The House of Trolls in Marshall, Texas

The SE Texas Record Aug. 12, 2011, 10:10am

East Texas in general and the town of Marshall in particular were immortalized last month on the weekly public radio show This American Life. Unfortunately, it was not fame that was bestowed on us, but infamy.

This particular episode was devoted to patent trolls, which the show's host, Ira Glass, defined as "companies that make no products, but go around suing other companies that do make products, over supposed patent infringement."

According to Glass, "Patent lawsuits are so common now that it's hard to find even one
semi-successful startup in Silicon Valley that has not been hit with a suit, which slows
innovation, makes it harder for companies to prosper, hurts our global competitiveness [and] costs us all more money when we buy the stuff these companies sell."

The trail of one such troll led the show's reporters to 104 E. Houston St. in Marshall -- the Baxter Building, "a nondescript two-story building on the town's main square, two doors down from the federal courthouse."

A company called Oasis Research is allegedly headquartered there, in Suite 190. Only there were no lights on in their place of business, in the middle of a work day, and no one responded to the reporters' knock.

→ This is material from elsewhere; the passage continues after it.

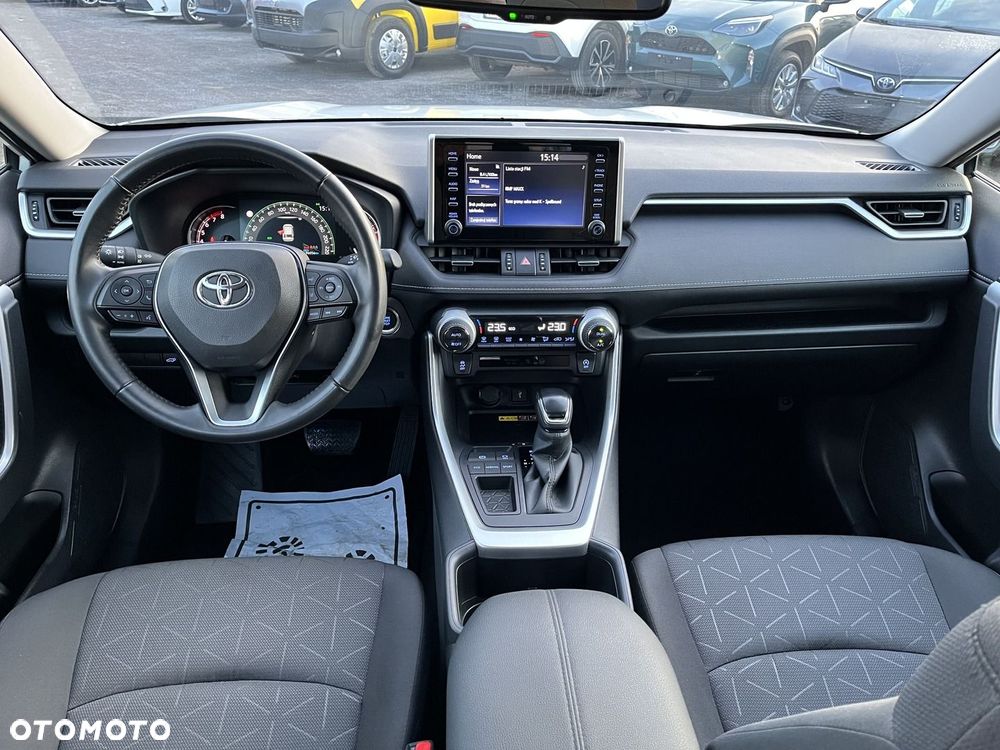 Toyota RAV4 2.0 Comfort 4x2 MS - 5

Phone calls defaulted to an answer machine and were not returned.

Other, similar companies apparently make their homes in the Baxter Building.

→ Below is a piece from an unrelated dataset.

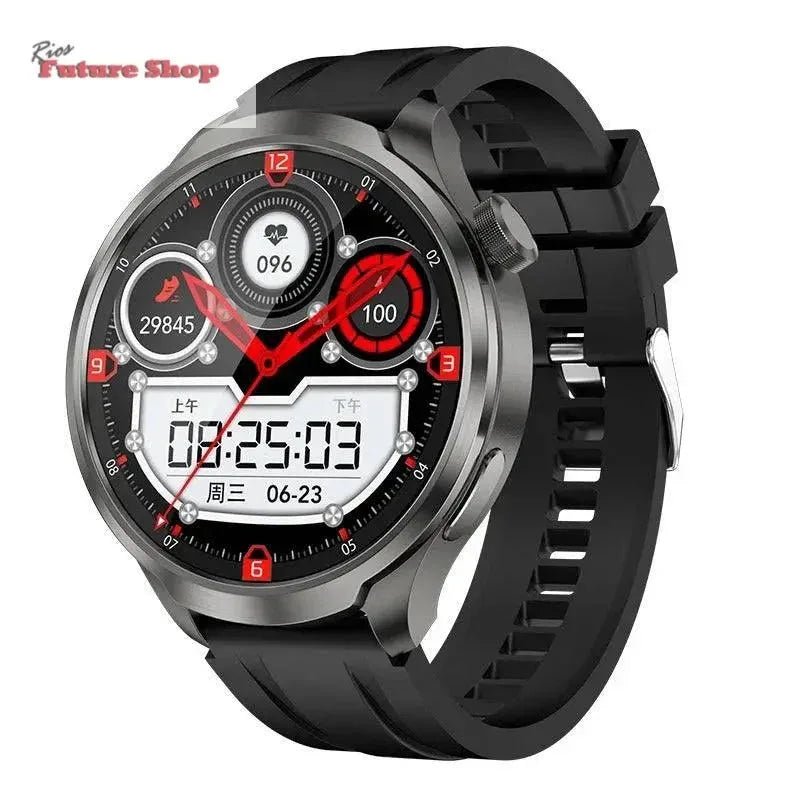 DK69 Smartwatch 1.85 HD display - Rios Future Shop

"All the other doors looked exactly the same: locked, nameplates over the door, no light coming out. It was a corridor of silent, empty offices," the report said.

What gives?

"It turns out, a lot of those companies in that corridor -- maybe every single one of them -- are doing exactly what Oasis Research is doing. They appear to have no employees. They are not making new inventions here. They're filing lawsuits for patent infringement," the report said.

This is not news to us, of course, but now, to our shame, radio listeners know that East Texas has become a mecca for patent trolls. Legislative action needs to be considered to curtail such practices that stifle business creativity and kill job growth.